**Supplied material**.
+ + + + +

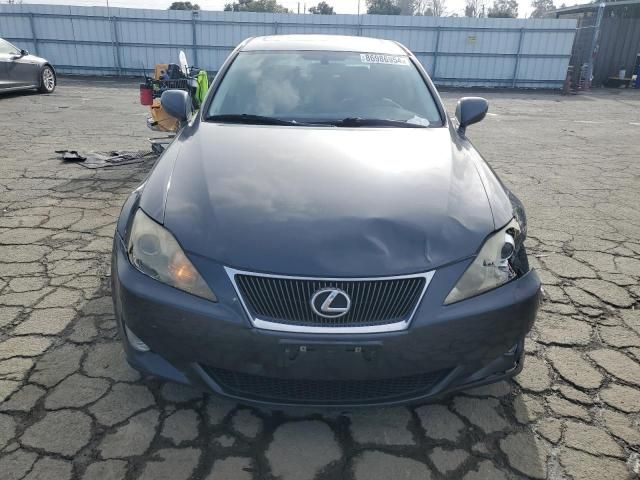 2008 Lexus IS 250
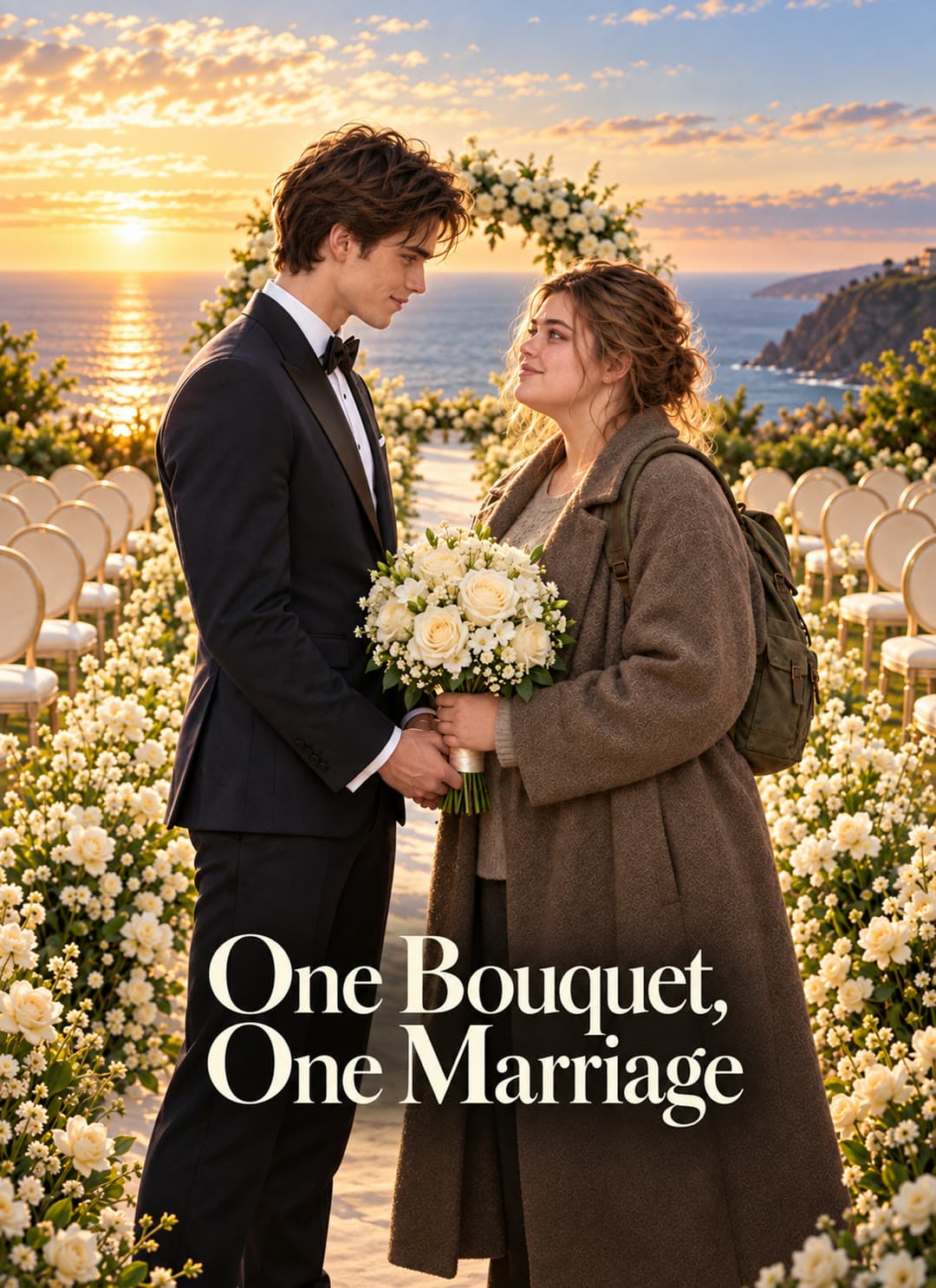 One Bouquet, One Marriage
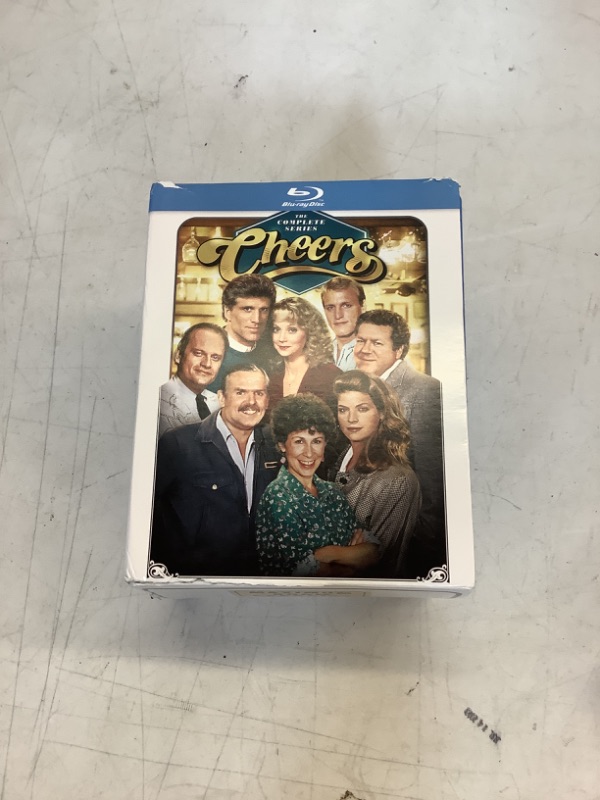 Photo 2 of Cheers: The Complete Series [Blu-ray]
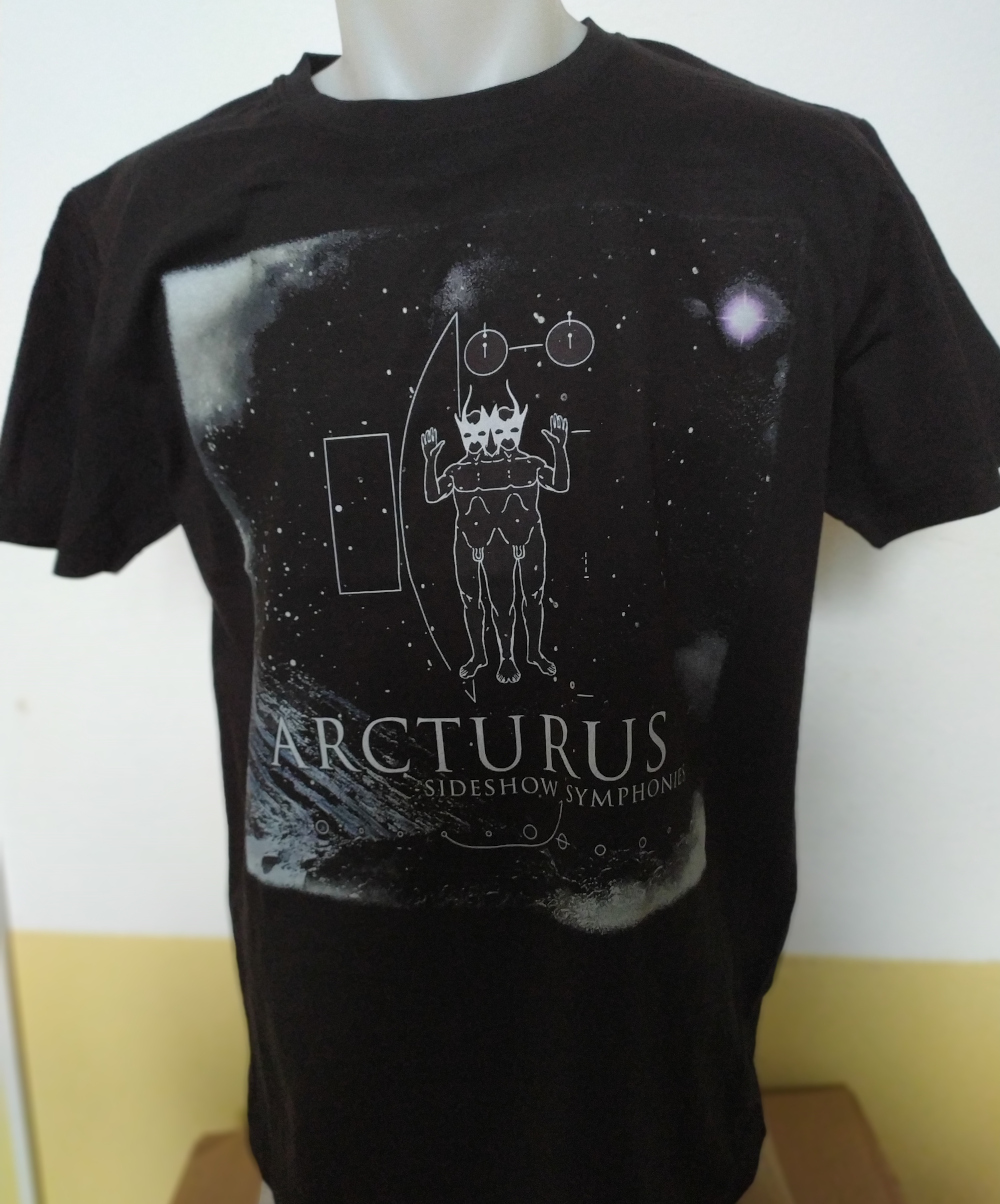 Tricou Arcturus Sideshow Symphonies (EVT3024)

+ + + + +

**Prompt**. Leave the pictures out, and please copy only the lines from the one with "Photo 2 of Cheers: The" through the end of the listing.

**Written solution**.
 Photo 2 of Cheers: The Complete Series [Blu-ray]
 Tricou Arcturus Sideshow Symphonies (EVT3024)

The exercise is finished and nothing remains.